The Corner

Stop Saying That Public School Teachers Are ‘Underpaid’

One of the more enduring education-policy myths is that public-school teachers are “underpaid” on average, and therefore that raising teacher pay across the board would improve student achievement. The latest exercise in mythmaking is a Time article titled, “Teachers Make Less Than Peers in Almost Any Other Job,” which draws on an international survey of teacher pay published by the OECD. The main point of the article is that teachers receive lower salaries than other workers with the same level of education. Therefore, teachers must be underpaid.

There are several problems with that reasoning. First, two people do not have the same skills just because they spend the same number of years in college or graduate school. Consider that architects earn more money than other workers with the same level of education. Does that mean architects are “overpaid”? Fields of study matter, and the education degree — held by roughly half of teachers — is considered one of the least rigorous. Equating it to a degree in, say, computer science makes for a misleading comparison.
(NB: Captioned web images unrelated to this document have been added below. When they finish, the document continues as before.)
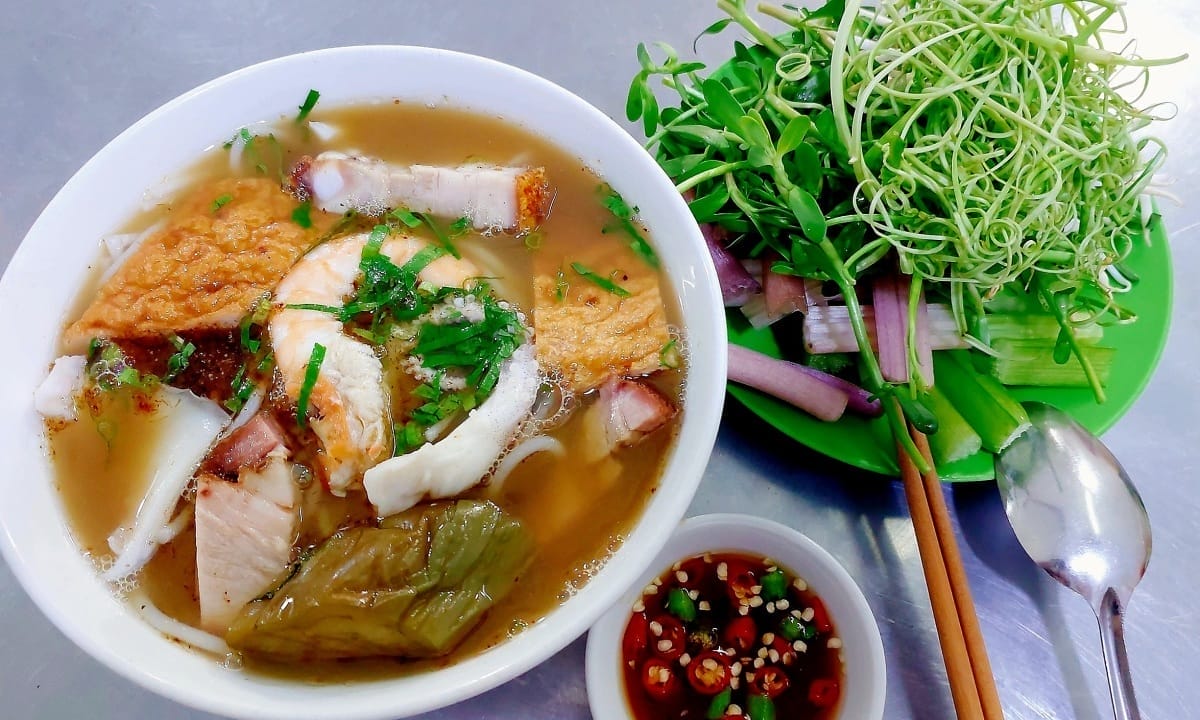 bánh canh Đà Nẵng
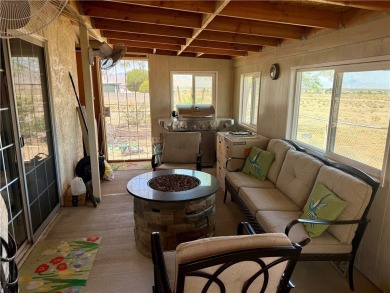 Stunning 3 Bed, 2 Bath Home with Mountain Views located in on Valle Vista Golf Course in Arizona - for sale on GolfHomes.com, golf home, golf lot
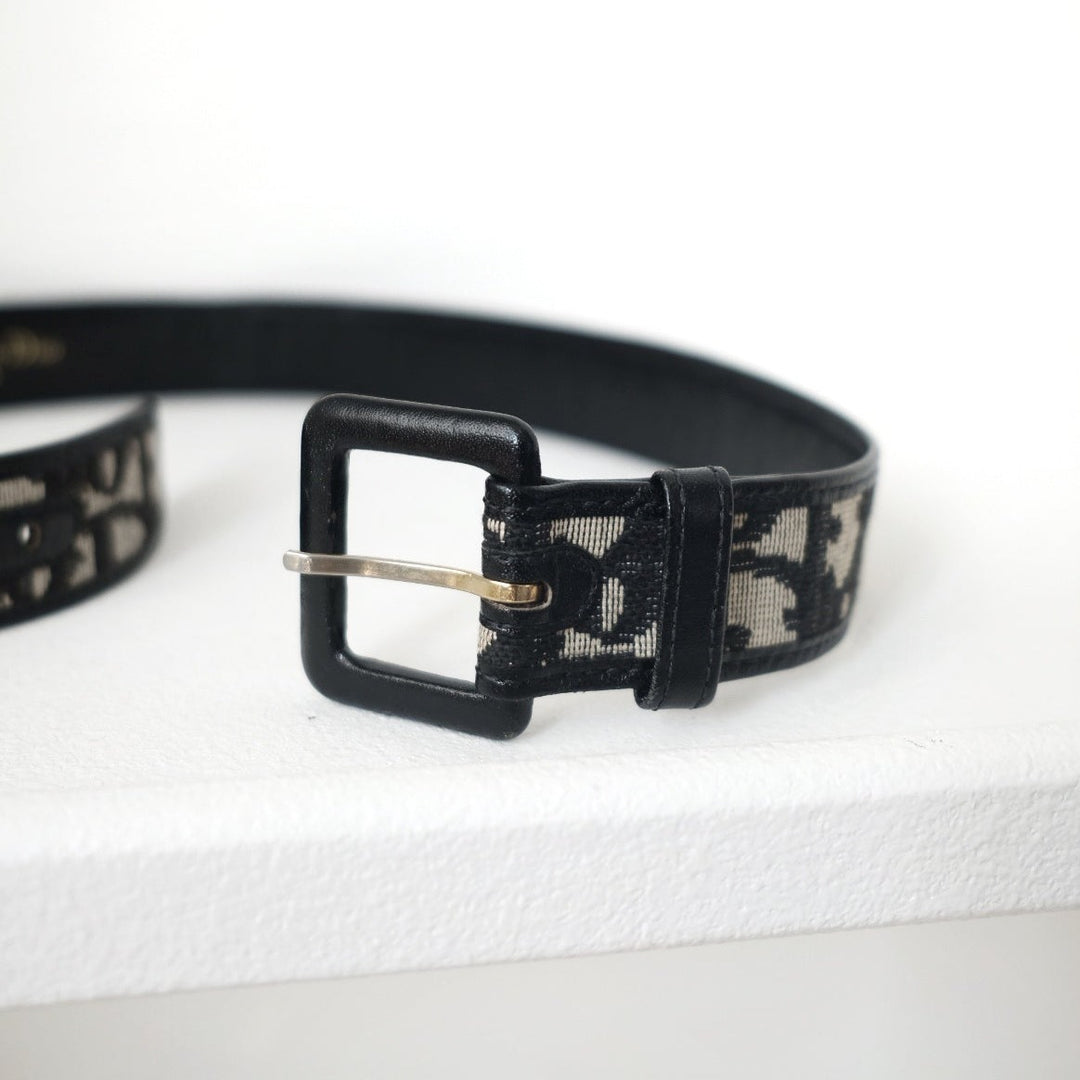 Dior vintage belt (black)
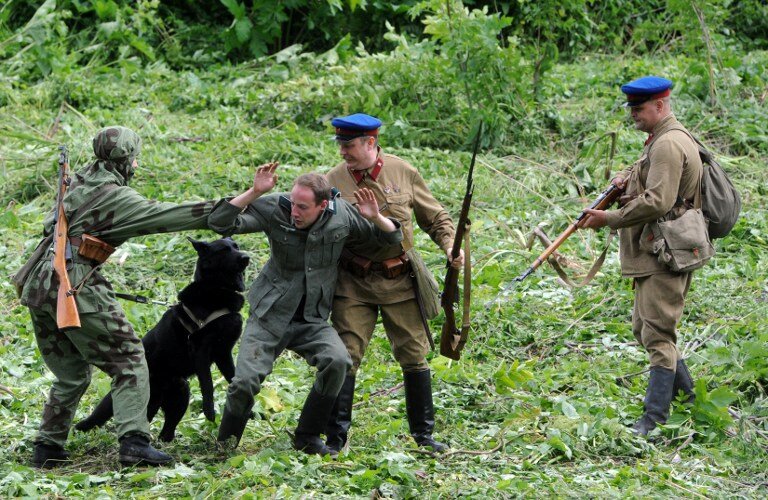 22 июня, ровно в 4 часа... | Фото: AFP
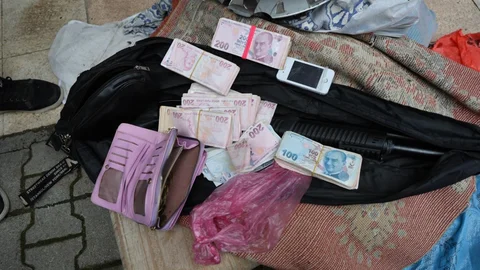 Mersin'de Çöp Evden Para ve Silah Çıktı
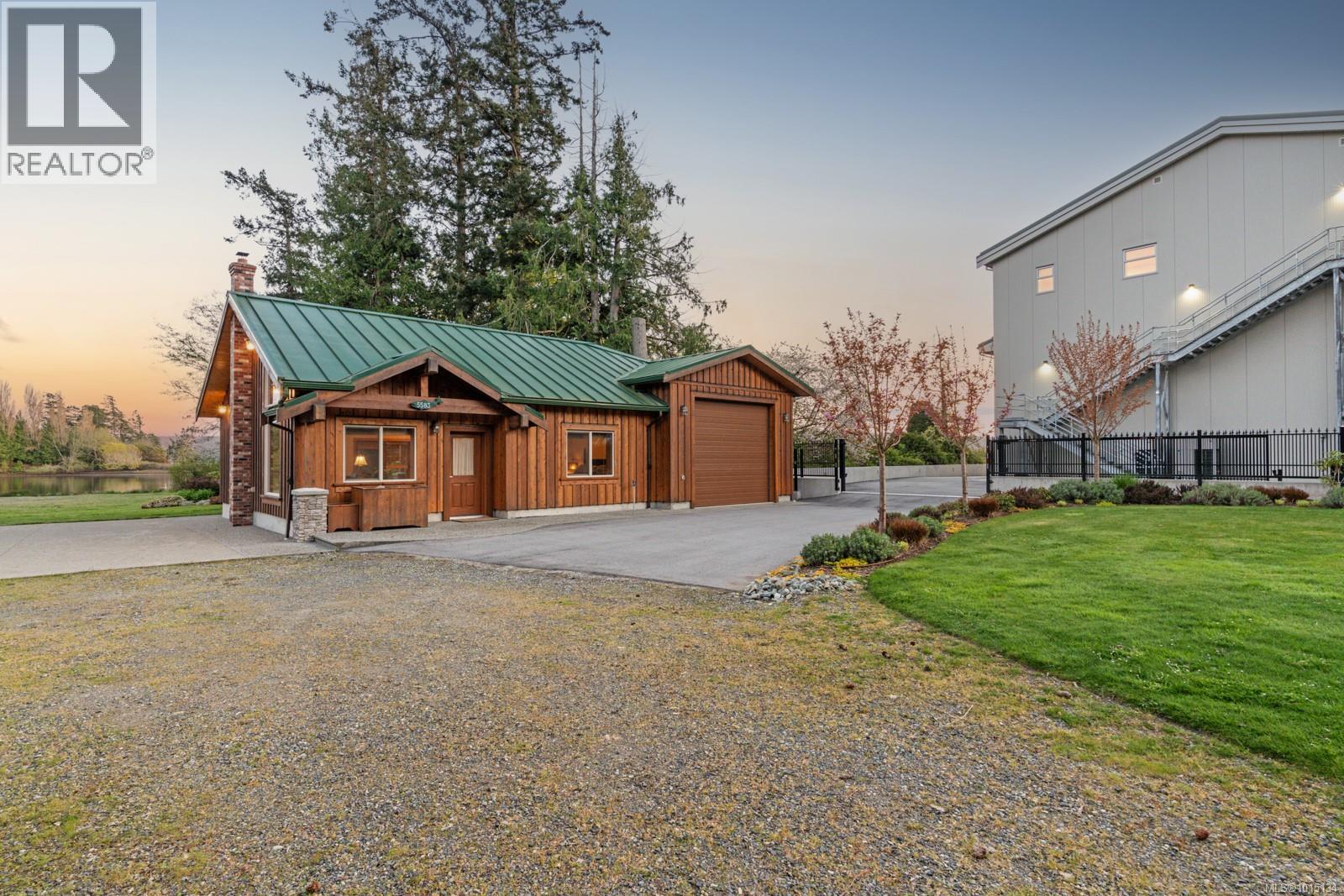  5583 Medberry Close, Sooke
Second, the OECD data cover only salaries, not fringe benefits. As with most public-sector jobs, compensation for teaching is weighted more heavily toward pension and health benefits compared to the private sector. In fact, the value of fringe benefits (as a percentage of wages) for the average public-school teacher is more than double the benefits package received by the typical worker in a large private-sector firm. Teachers also enjoy considerably more job security than their counterparts in the private sector. Perhaps the best indication that overall compensation is adequate is that few teachers leave for a different profession, and, when they do, they typically are not able to find higher-paying jobs.

Third, what would an across-the-board pay increase buy us? Teacher quality certainly matters, but predicting who will be an effective teacher is not easy. As the modest-at-best results of programs like Teach for America suggest, simply unleashing young Ivy Leaguers on our school system is probably not going to have a dramatic effect on student achievement.

Paying the most effective teachers enough to keep them in the classroom makes sense. An across-the-board increase for the profession does not.

Jason Richwine is a public-policy analyst and a contributor to National Review Online.